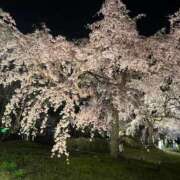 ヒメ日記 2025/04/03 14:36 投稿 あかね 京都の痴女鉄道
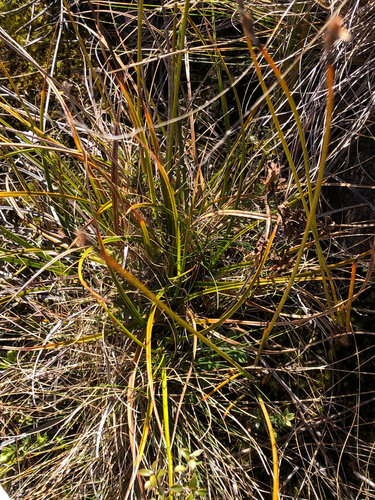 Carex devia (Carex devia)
---
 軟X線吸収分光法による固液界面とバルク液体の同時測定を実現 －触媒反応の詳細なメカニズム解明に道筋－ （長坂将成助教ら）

◆ EXERCISE ◆
When you reach the line holding "ヒメ日記 2025/04/03 14:36 投稿 あかね 京都の痴女鉄道" in the listing above, begin retyping exactly, and stop once the line holding "Carex devia (Carex devia)" is done; pictures stay out.

◆ ANSWER ◆
 ヒメ日記 2025/04/03 14:36 投稿 あかね 京都の痴女鉄道
 Carex devia (Carex devia)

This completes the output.